ACTIVITY ▸
Images are to be excluded, and the rest of the data repeated exactly.

#### SUPPLIED INFORMATION

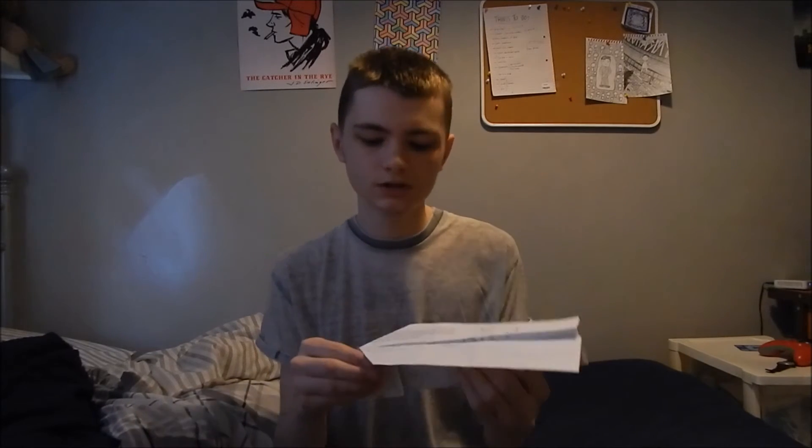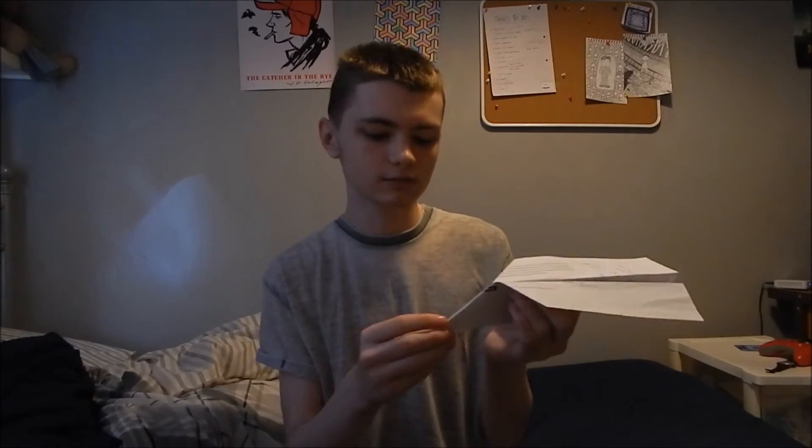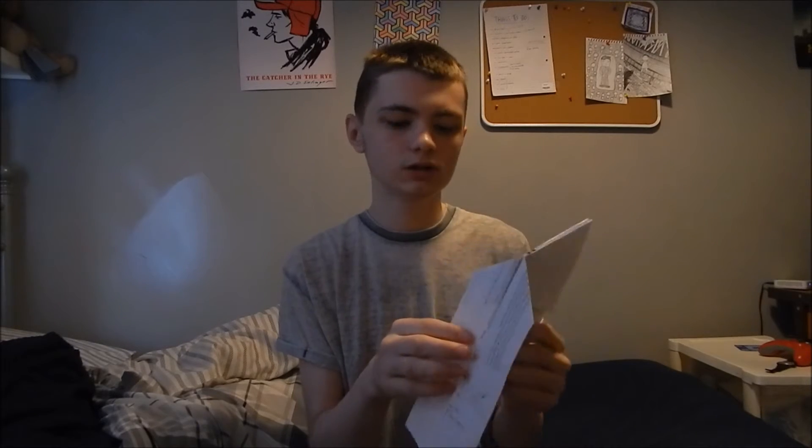Once you've folded your paper airplane like so, it should look like this, and then it's ready to fly.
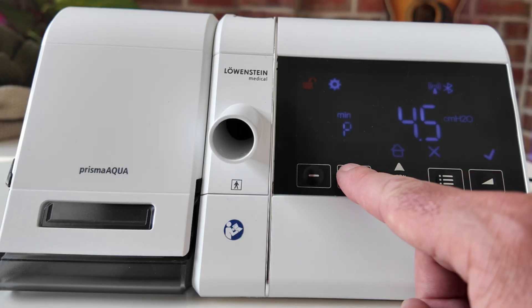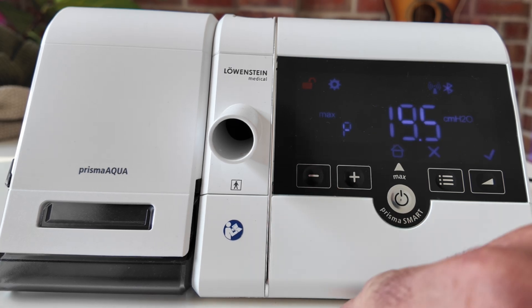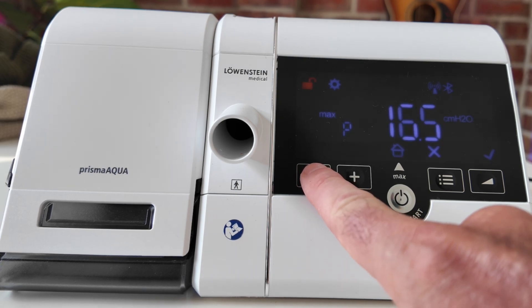So you might wanna increase your pressure minimum from four, which is the lowest, up a little bit — try five, 5.5, six — and see how you feel at the start of the night. And vice versa, if a patient's struggling with mask leaks or just therapy comfort, pressure's getting too strong, they're struggling to exhale, causing a lot of issues, then they might look at reducing the pressure maximum to make it more comfortable for the patient and improve compliance. So for this example, let's set the minimum pressure to six centimetres. Just press the plus button until you reach six, and then press the ramp button to lock in that value. Now we'll reduce the maximum pressure to 16 by pressing the minus button. Once you've got it set to 16, press the ramp button again to lock it in. Congratulations — you have successfully changed your CPAP therapy pressure levels, and that's a big step towards getting your CPAP therapy dialed in just right.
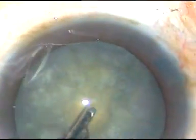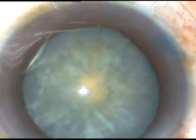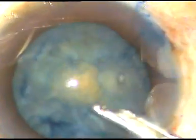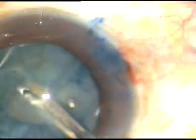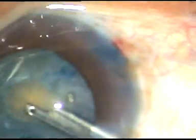You can use a bimanual irrigation-aspiration if you want to perform the same maneuvers. Since the staining was not good, I am injecting here again and want to do some more staining. This time, the staining is good and we can see the small rexis very well. I remove some more cortex through this mini rexis opening.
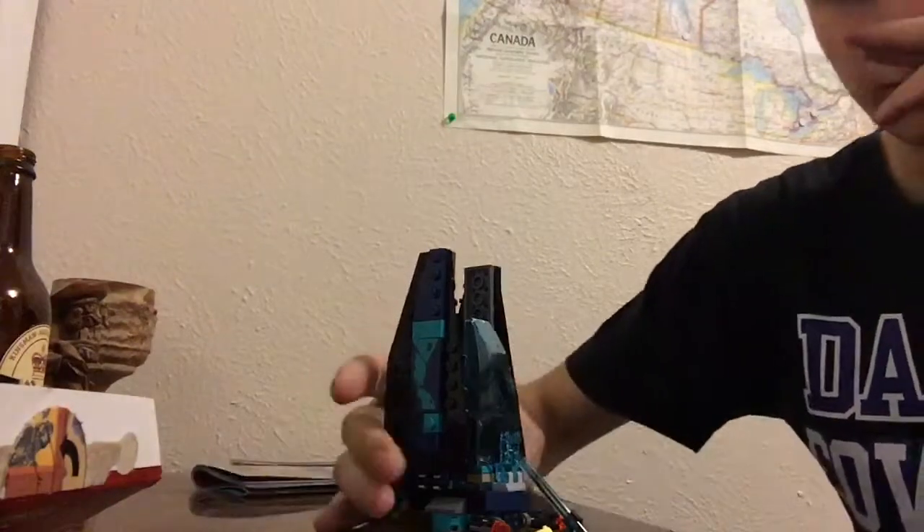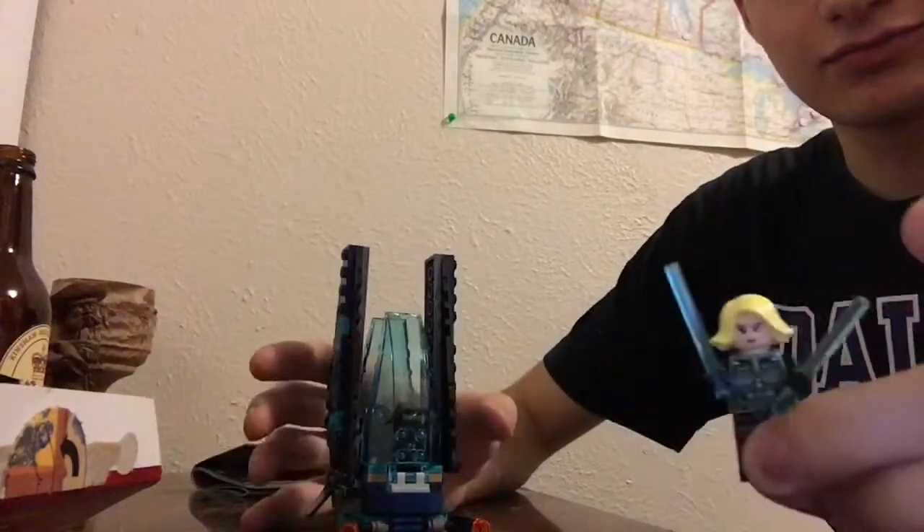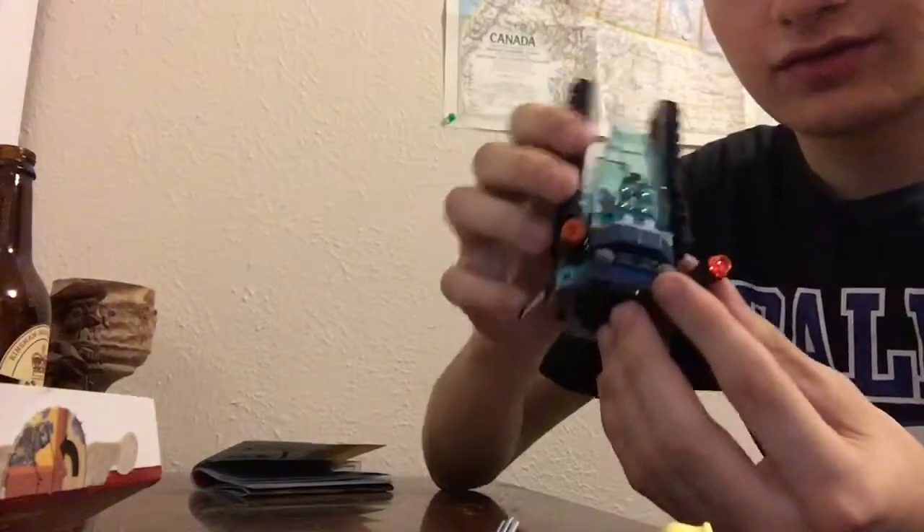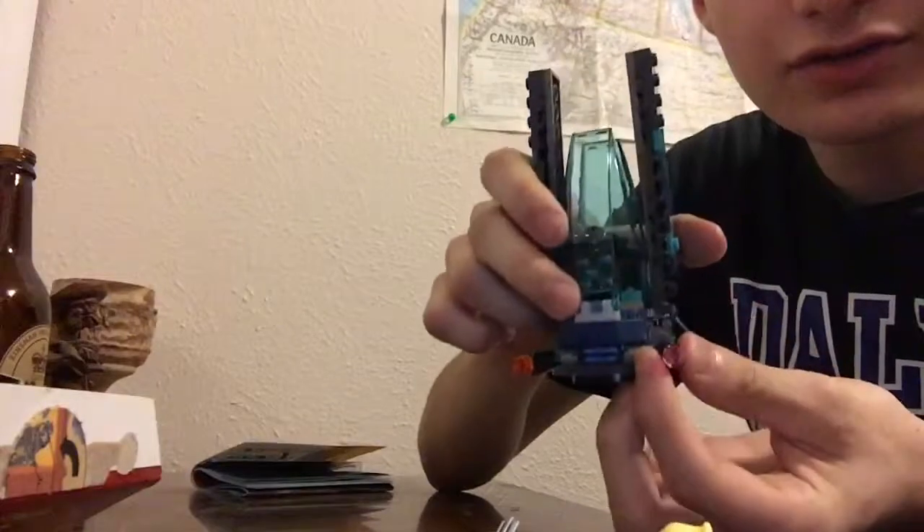I finally finished the model. Here's Black Widow and Captain America, and here's the dropship itself. It has a firing feature right here — let me adjust it. Works great.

########

RESPONSE BOX ▸
Once you've folded your paper airplane like so, it should look like this, and then it's ready to fly.
So you might wanna increase your pressure minimum from four, which is the lowest, up a little bit — try five, 5.5, six — and see how you feel at the start of the night. And vice versa, if a patient's struggling with mask leaks or just therapy comfort, pressure's getting too strong, they're struggling to exhale, causing a lot of issues, then they might look at reducing the pressure maximum to make it more comfortable for the patient and improve compliance. So for this example, let's set the minimum pressure to six centimetres. Just press the plus button until you reach six, and then press the ramp button to lock in that value. Now we'll reduce the maximum pressure to 16 by pressing the minus button. Once you've got it set to 16, press the ramp button again to lock it in. Congratulations — you have successfully changed your CPAP therapy pressure levels, and that's a big step towards getting your CPAP therapy dialed in just right.
You can use a bimanual irrigation-aspiration if you want to perform the same maneuvers. Since the staining was not good, I am injecting here again and want to do some more staining. This time, the staining is good and we can see the small rexis very well. I remove some more cortex through this mini rexis opening.
I finally finished the model. Here's Black Widow and Captain America, and here's the dropship itself. It has a firing feature right here — let me adjust it. Works great.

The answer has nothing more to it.